_What is needed:_ Only the lines below starting at the one containing "Female beekeeper in" and ending at the one containing "Wool Blend Belted Wrap Coat" belong in the answer, each copied exactly.

[Data for analysis Boundary: Start]

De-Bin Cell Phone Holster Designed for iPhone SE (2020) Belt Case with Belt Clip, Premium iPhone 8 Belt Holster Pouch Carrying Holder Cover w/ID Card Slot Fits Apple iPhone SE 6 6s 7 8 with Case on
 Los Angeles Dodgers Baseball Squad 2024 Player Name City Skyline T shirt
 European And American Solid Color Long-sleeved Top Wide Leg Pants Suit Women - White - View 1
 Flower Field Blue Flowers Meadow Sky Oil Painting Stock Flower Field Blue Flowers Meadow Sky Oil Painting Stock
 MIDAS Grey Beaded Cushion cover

[Data for analysis Boundary: End]
[Data for analysis Boundary: Start]

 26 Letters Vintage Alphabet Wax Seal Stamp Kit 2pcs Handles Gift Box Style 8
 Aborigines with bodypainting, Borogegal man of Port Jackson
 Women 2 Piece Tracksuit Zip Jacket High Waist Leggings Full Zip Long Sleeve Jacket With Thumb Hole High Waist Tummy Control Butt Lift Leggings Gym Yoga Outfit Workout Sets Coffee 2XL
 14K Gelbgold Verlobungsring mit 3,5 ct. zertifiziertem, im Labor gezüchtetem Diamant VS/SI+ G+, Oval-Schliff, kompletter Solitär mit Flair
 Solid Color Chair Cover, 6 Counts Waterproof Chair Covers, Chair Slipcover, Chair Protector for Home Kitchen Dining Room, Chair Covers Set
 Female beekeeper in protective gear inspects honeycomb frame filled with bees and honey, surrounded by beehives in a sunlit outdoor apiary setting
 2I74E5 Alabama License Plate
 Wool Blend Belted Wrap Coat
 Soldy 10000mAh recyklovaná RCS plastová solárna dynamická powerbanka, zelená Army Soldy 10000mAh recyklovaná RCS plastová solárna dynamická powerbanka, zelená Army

[Data for analysis Boundary: End]

_Response for this exercise:_
 Female beekeeper in protective gear inspects honeycomb frame filled with bees and honey, surrounded by beehives in a sunlit outdoor apiary setting
 2I74E5 Alabama License Plate
 Wool Blend Belted Wrap Coat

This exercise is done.